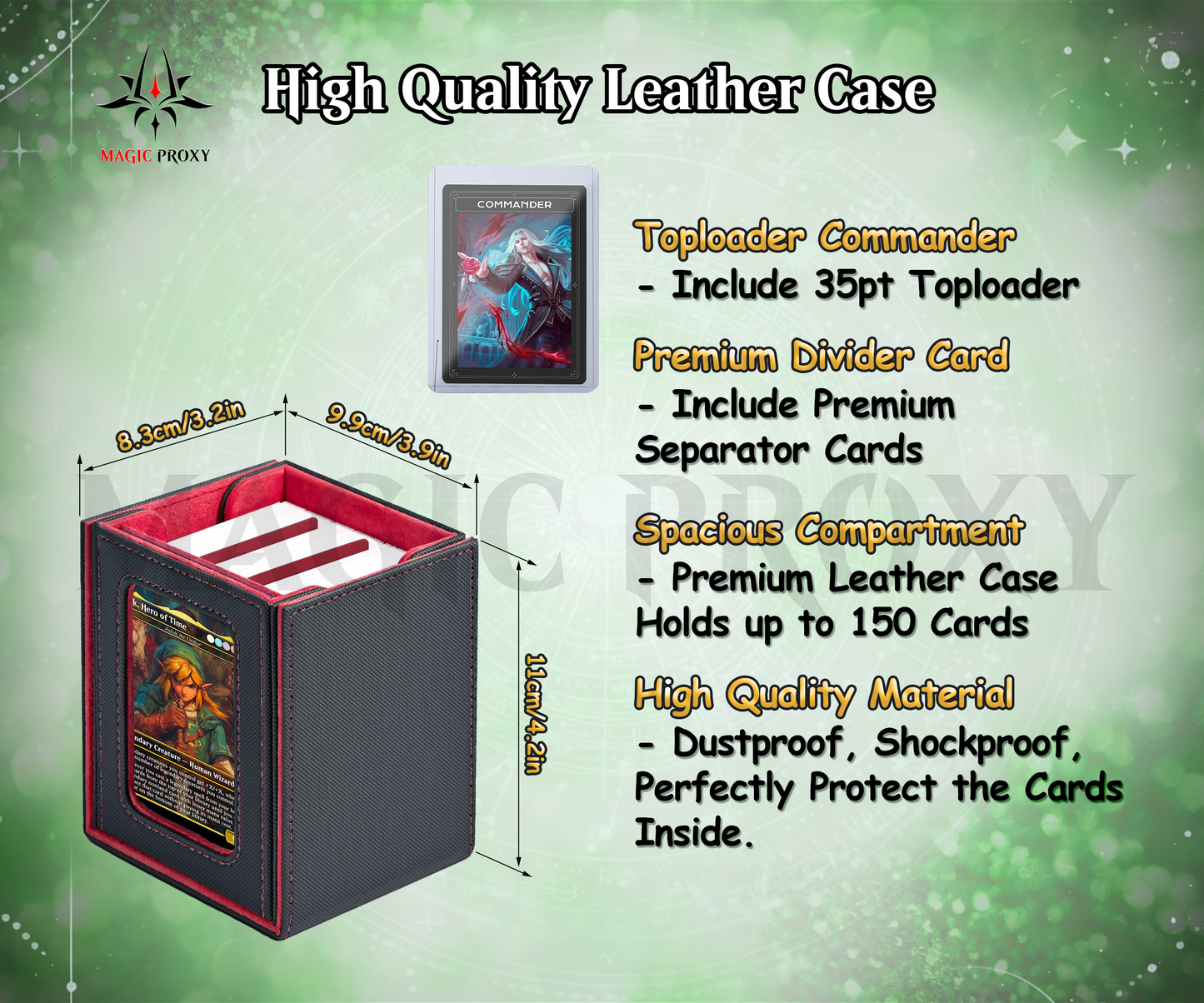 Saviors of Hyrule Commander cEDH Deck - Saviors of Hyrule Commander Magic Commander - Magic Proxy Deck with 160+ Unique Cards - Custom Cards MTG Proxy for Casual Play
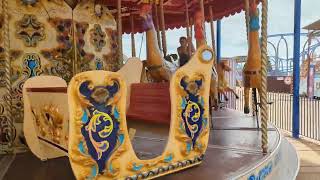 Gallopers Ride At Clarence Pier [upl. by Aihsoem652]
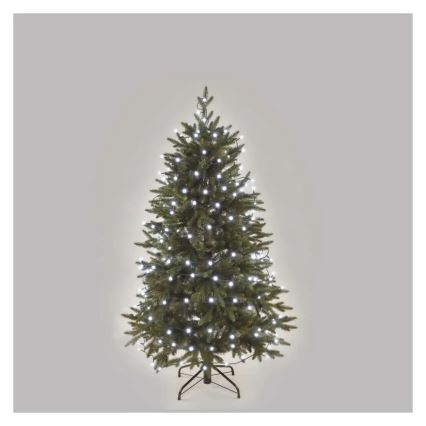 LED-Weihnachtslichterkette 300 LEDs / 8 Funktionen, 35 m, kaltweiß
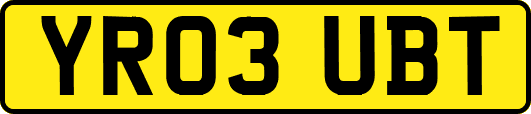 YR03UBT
########################################
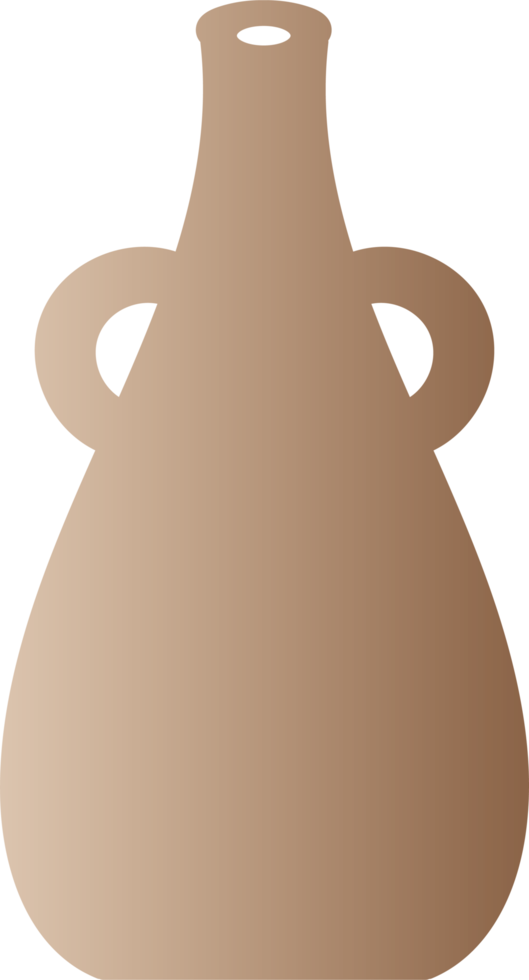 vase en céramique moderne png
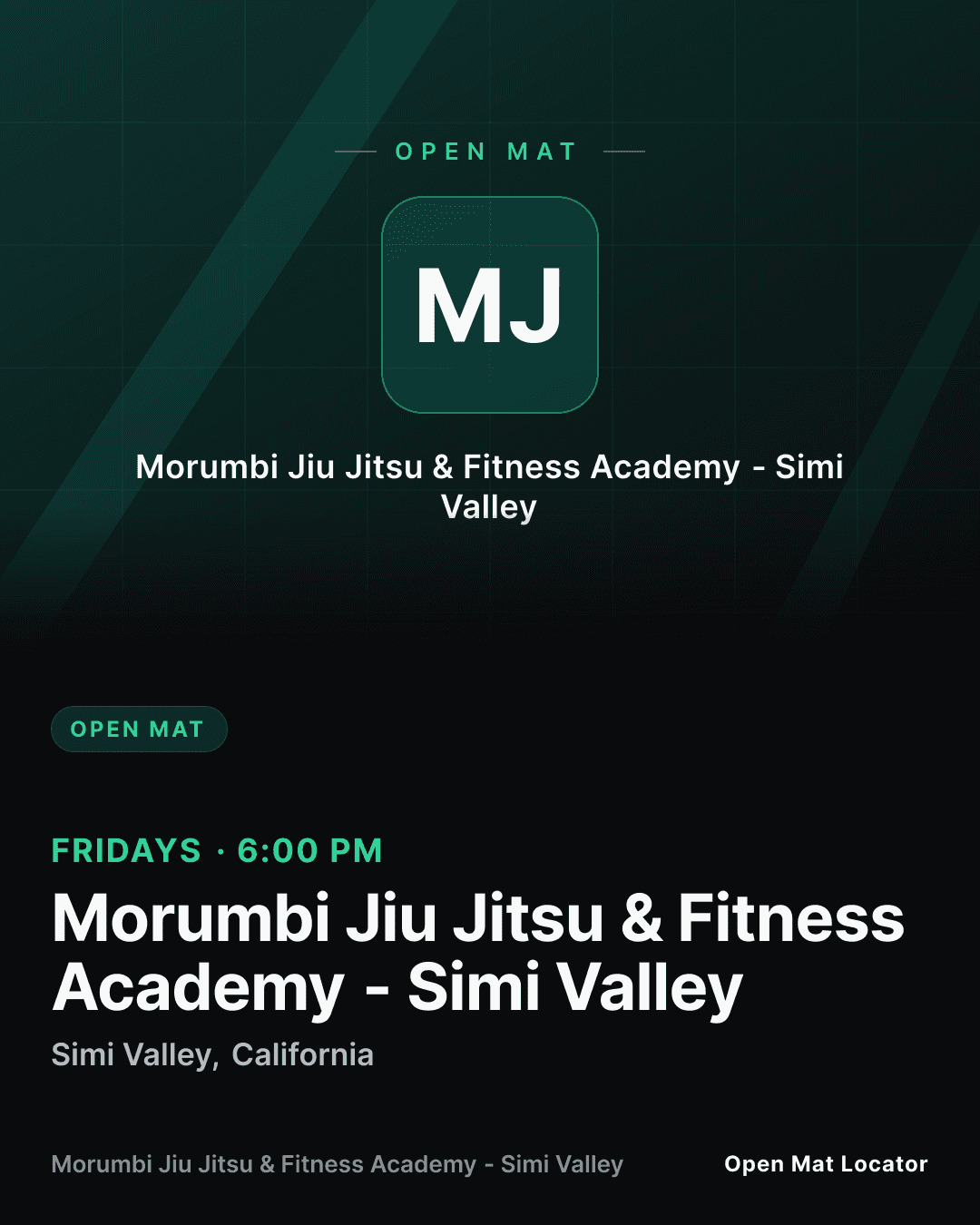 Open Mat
########################################
__WHAT THIS TASK INVOLVES__
Could you transcribe exactly the entries above, but only the lines from the one with "Saviors of Hyrule Commander cEDH" through the one with "Gallopers Ride At", and without pictures?

__OUTPUT OF THE TASK__
 Saviors of Hyrule Commander cEDH Deck - Saviors of Hyrule Commander Magic Commander - Magic Proxy Deck with 160+ Unique Cards - Custom Cards MTG Proxy for Casual Play
 Gallopers Ride At Clarence Pier [upl. by Aihsoem652]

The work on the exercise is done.